TP7 Querschnittsprojekt: Integration und Föderation von LOD-Ressourcen: Domänenüber-greifende Modellierung geisteswiss. Fachwissens
The sub-project is intended to provide methodological and conceptual support by developing one or more data models for specialist knowledge in the humanities in consultation with the other TPs involved in the network and facilitating their integration into the common knowledge graph. In terms of the formal description of knowledge, the techniques commonly used to organize and represent knowledge, such as catalogs, glossaries, taxonomies, classifications, thesauri, semantic networks, ontologies and frames, are tested for their applicability in the respective project situations. The approach is modular, i.e. a distinction is made between cross-domain and domain-specific entities and predicates.
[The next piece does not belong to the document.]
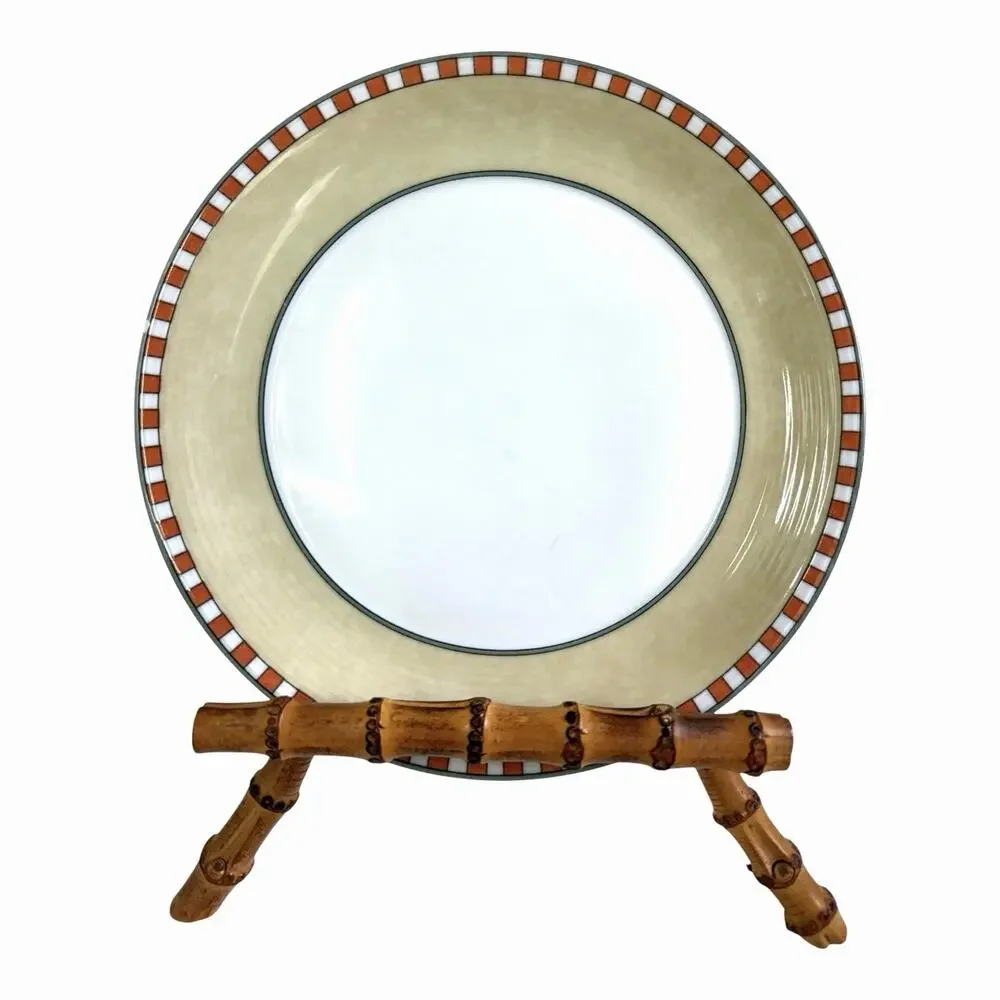 Vintage 4 Villeroy & Boch Switch 2 Lima Orange Check-Portugal 8” Salad Plates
INF (TCDH und UB): Infrastruktur für LOD und Support (Burch, Schirra, Röpke)
As a cross-sectional project, the INF sub-project is intended to implement central technical requirements and methods for the other sub-projects and thus lay the foundations for the interoperability of the data modeled in the TPs and support professional research data management (RDM). The software basis for this is the general Wikidata platform (www.wikidata.org) on the one hand and a separate Wikibase instance on the other, which can accommodate project-specific data that initially does not have general Wikidata identifiers but is nevertheless stored in a Wikidata framework and can be interoperably linked with other parts of the knowledge graph that is created in LODinG. Technically, WikiData, like all projects operated by the Wikimedia Foundation, is based on MediaWiki and uses a Wikibase consisting of a repository to store structured data. The INF project is developing interfaces for this framework in order to be able to synchronize data.